I agree.  Who cares what is normal.  Except when what is considered normal is imposed on others.

That’s the theory.  That’s what is wrong with us, we the collective we.  We want to be normal, and we want others to be normal, and we impose what we’ve decided to be normal on others.  ‘We’ve’ spent years, centuries, millennia imposing what we think or want to be normal onto others we consider abnormal or deviating from that norm.  And ‘we’ impose it by shaming or by law, but mostly though violence.

So it’s not a specific issue that is the problem and that’s why we cannot solve our problems.  It’s not religion or race or sexual identity or anything else specifically that causes us so much difficulty.

It’s the imposition of normalcy onto those who are not considered normal.  But what it is to be normal cannot and will never be defined, as it applies to people.

What is normal for the world may not apply to specific counties.  What is normal in those countries may not apply to specific groups within that country.  What is normal in specific groups may not be normal to your family.  What is normal to your family may not be normal to you.

Normal, as it applies to us, is meaningless.  Yet we want it and we use it.

If everyone is an individual and wants to be treated as such, then let’s do that.  Stop imposing your normal on other people.  And stop being afraid to deviate from the norm.

If everyone is an individual, is anyone?  If anyone is special, is anyone?  Is that’s what normal is?

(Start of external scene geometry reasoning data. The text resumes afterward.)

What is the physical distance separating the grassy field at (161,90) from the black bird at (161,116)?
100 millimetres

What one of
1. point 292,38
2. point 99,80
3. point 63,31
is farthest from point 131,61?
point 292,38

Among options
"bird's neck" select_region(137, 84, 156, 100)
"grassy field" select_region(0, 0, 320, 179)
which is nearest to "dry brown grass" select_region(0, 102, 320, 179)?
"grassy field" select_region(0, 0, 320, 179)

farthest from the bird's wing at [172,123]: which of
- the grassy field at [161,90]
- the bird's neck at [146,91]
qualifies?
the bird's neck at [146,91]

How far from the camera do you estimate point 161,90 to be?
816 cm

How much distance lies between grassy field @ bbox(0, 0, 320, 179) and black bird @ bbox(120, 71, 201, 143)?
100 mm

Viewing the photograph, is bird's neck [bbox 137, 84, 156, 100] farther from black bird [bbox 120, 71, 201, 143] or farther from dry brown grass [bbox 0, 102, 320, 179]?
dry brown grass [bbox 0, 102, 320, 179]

I’m a deviant.  I actively try to go against the norm, because I think the norm, or a least the imposition of it, is stupid.

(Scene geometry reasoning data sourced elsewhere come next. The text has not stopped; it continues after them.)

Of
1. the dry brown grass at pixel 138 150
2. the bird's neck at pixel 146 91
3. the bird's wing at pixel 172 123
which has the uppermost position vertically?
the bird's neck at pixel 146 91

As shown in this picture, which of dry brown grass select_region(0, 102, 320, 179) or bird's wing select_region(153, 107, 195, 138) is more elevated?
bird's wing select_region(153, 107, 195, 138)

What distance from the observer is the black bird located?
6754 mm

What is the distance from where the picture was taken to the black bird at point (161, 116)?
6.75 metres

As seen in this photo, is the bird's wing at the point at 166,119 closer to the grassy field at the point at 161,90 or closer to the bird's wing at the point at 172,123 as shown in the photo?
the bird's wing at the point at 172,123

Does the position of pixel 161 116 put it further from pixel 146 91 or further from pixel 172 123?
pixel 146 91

But I’m not confident enough to not feel shame or uncomfortable about that deviation.  I’ve been shamed, and I make myself feel bad about it.

I’m an individual.  I also want to be normal.  But I don’t know and cannot define what that is.  And that’s my problem.

Far be it from me to challenge Descartes.  But maybe he had it backwards.

I am, therefore I think.  I don’t have any control over it.  Maybe that’s what my problem is, too.





3 thoughts on “#42 – The New Normal”

  1. Just “catching up” on my reading of your blogs. Found this one interesting and concerning. I agree totally about the weirdness of what humans do in classification of “normal/abnormal” and all the subsequent consequences that you mentioned. And yep it happens to all of us – from both sides – but I try to catch myself on it. Wondering if (originally) there was some evolutionary advantage to doing that but we sure DON’T NEED IT anymore!!!
    I can totally relate to “I am, therefore I think”. I can’t stop thinking either – about everything. And I’m sorry that you feel uncomfortable about it. I don’t think it’s a problem. I find you to be an extremely interesting person when you share who you are and your thinking.


  2. Rather deep and thought-provoking. Your individuality could be your normal and I would rather think than worry about status quo and yet I too have that struggle. Keep being you, keep sharing, and keep trying to believe in yourself as unique and special; you are that for others even if you haven’t discovered that feeling.